Sánchez ha intentado rehabilitar a un partido cuyo antecedente, Convergencia, fue decisivo en el pasado para la estabilidad de España (tanto con los gobiernos del PSOE como con los del PP). Ha sido imposible. Ahora el hombre de Waterloo sabe que se encuentra en una posición delicada y comprometida. Se está jugando no solo el futuro de su proyecto político, sino su propio destino, ya que sin ley de amnistía la sombra del juez Llarena y de Soto del Real estará más cerca de él. ¿Por qué entonces Puigdemont vota en contra de algo que había firmado hace apenas una semana y que se antoja su única tabla de salvación? ¿Por qué los siete diputados soberanistas votaron sí al dictamen de la Comisión de Justicia y diez minutos después no a la ley definitiva, consumando una contradicción delirante? Nadie lo entiende, nadie se lo explica, ni siquiera Miriam Nogueras, la delfina del jefe que está dando la cara por él en este sudoku irresoluble y que ayer abandonada las Cortes con el rostro desencajado tras el papelón de haber tenido que votar “no” junto a PP y Vox.
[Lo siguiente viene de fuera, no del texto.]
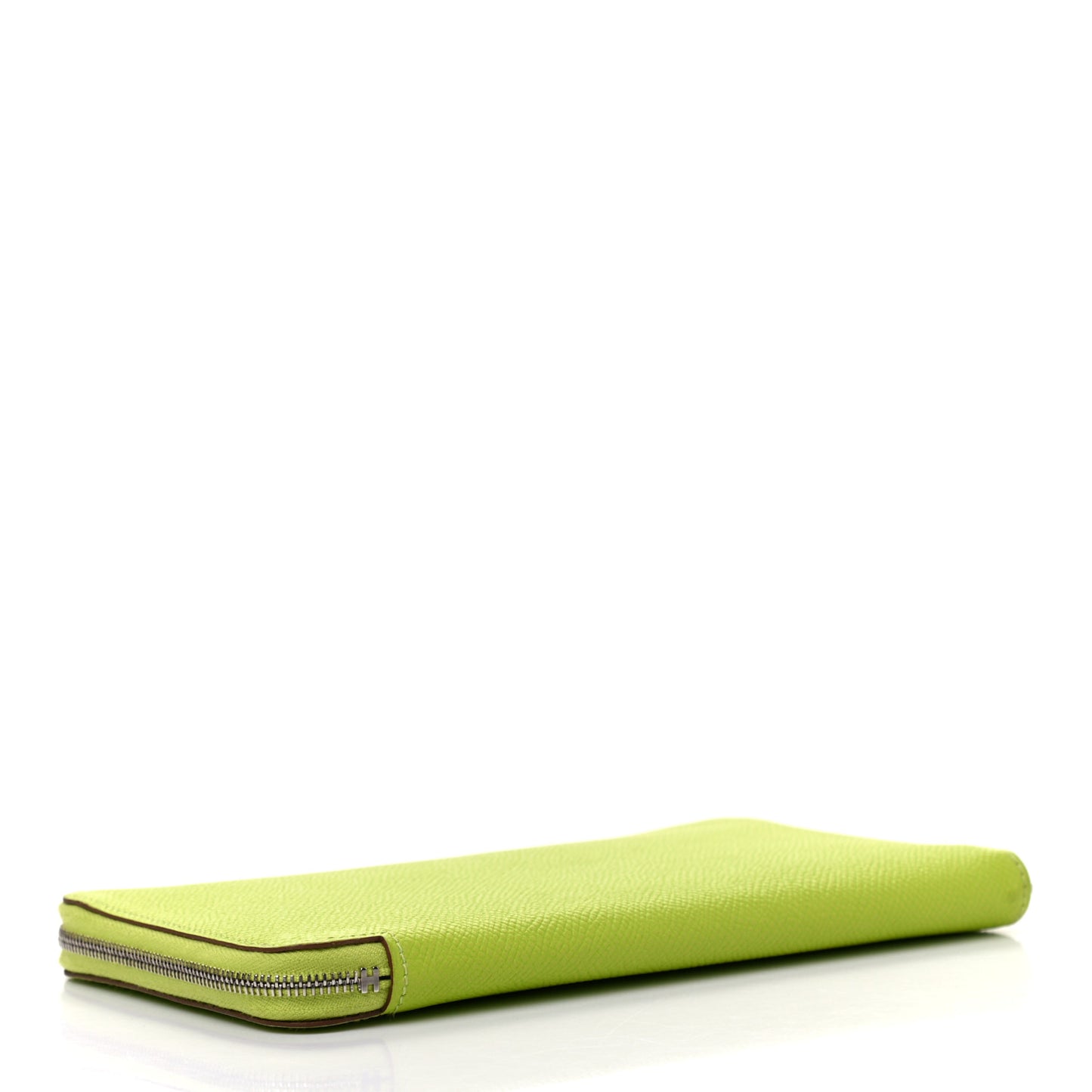 Epsom Silk'In Wallet Kiwi Lichen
Es evidente que Puigdemont está llevando a Cataluña, y por tanto a España, a un callejón sin salida. Ya hemos dicho aquí en otras ocasiones que nos encontramos ante un personaje imprevisible que nunca sabes por dónde va a salir. El clima de Waterloo, húmedo y gris, ha debido marcar definitivamente su carácter. Lo ha vuelto un ser huraño, hermético, desconfiado. Si García-Castellón ve terroristas en todas partes, CP ve espías del CNI rondando por la casa y micrófonos hasta en la chimenea. No debe ser fácil convivir con esa paranoia diaria. Uno acaba perdiendo la noción de la realidad, ya demasiado distorsionada por la tristeza de la lejanía, del desarraigo, del exilio. Nadie puede gobernar un país a miles de kilómetros y en semejantes condiciones. Lo mejor que podría hacer el expresident sería dimitir, dejar la política, permitir que vengan otros con ideas y propuestas nuevas y preparar su defensa en los tribunales. No lo va a hacer. Y no lo hará sencillamente porque ya solo vive para salir lo mejor parado posible de esta absurda aventura con final en naufragio. Empecinarse en amnistiar terroristas y condenados por delito de traición solo se entiende en alguien que tiene miedo y que ya solo piensa en clave personal y no de país. Muchos catalanes nada sospechosos de españolistas le están diciendo que la ley es positiva para todos. Marta Rovira, Junqueras, el propio presidente Aragonès. Coger la carta, que es buena, y seguir barajando, sería lo lógico en cualquier político sensato. El problema es que CP hace tiempo que dejó de ser un hombre templado, valiente y generoso para convertirse en un animal acorralado que suelta dentelladas porque no se fía de nadie, ni siquiera de sí mismo.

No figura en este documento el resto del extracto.